Nobody ever said the Federal Reserve Board was perfect. Indeed, prize-winning economists spanning the ideological spectrum are complaining that the Fed prolonged the Bush recession by keeping interest rates too high. No doubt George Bush would agree. But do these complaints justify efforts on Capitol Hill to place tighter congressional controls on the nation's central bankers?

We think not. Having botched fiscal policy over a large number of years, Congress should be wary of trying to control monetary policy.

It is quite in order for Maryland's Sen. Paul S. Sarbanes to argue that monetary policy must take over the job of stimulating the economy that fiscal policy, with its mountainous deficits, can no longer shoulder. But the moment the bond markets ever come to believe that he and other liberals will succeed in shearing the Federal Reserve Board of its independence, watch out!

That's the moment rekindled fears of inflation push long-term interest rates through the roof. That's the moment the strong recovery sought by Senator Sarbanes is choked off by the high cost of money. In most nations, there is a constant tug of war between politicians responding to popular pressures for easy money and central bank guardians of unpopular austerity.

It is heartening that for the moment President Clinton supports the Fed's present structure. It is equally heartening that Fed chairman Alan Greenspan, a Republican appointee, has voiced tentative approval of the administration's economic policies. To the extent these two power sectors can work together, the dangers of an inflationary, populist breakout on Capitol Hill will be that much less.

Right now Senator Sarbanes, in Joint Economic Committee hearings, is arguing that the Federal Reserve kept monetary aggregates from growing fast enough to end the recession and put the recovery on a non-faltering upward track. Mr. Greenspan replies that the measures used by Senator Sarbanes are somewhat out of date and that the Fed lowered interest rates at a pace rarely seen.

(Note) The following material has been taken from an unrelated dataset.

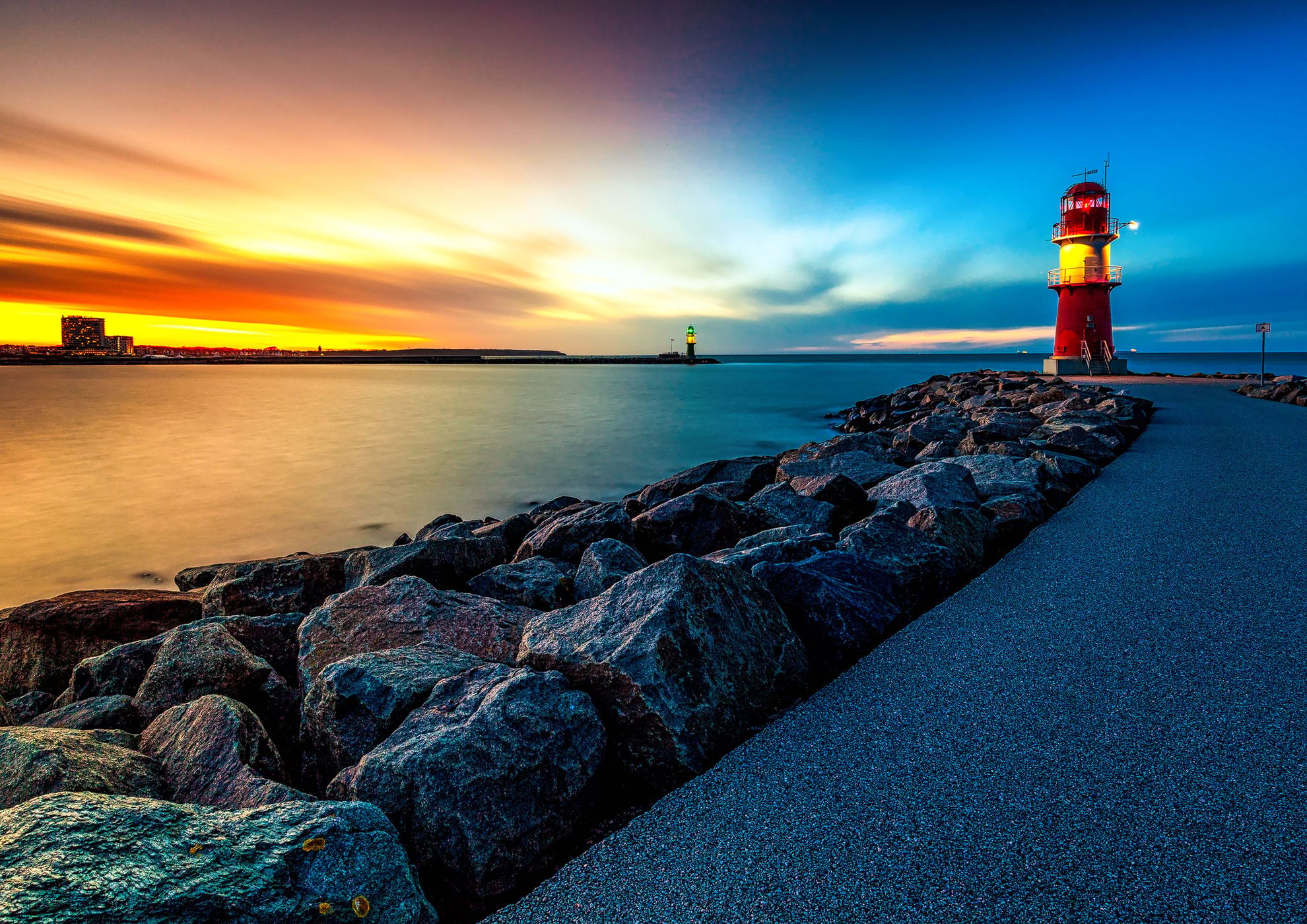 Mole of Warnemünde, Germany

There's an element of truth in both positions. But the fact remains that long-term interest rates have stayed stubbornly way in excess of what they should be over short-term rates. This reflects the fears in financial markets that Washington will not be able to contain the built-in inflationary pressures of huge deficits and the popular demand for a faster pace of recovery.

President Clinton can ease these fears, provided his assault on federal deficit financing is credible and he works harmoniously with the Fed.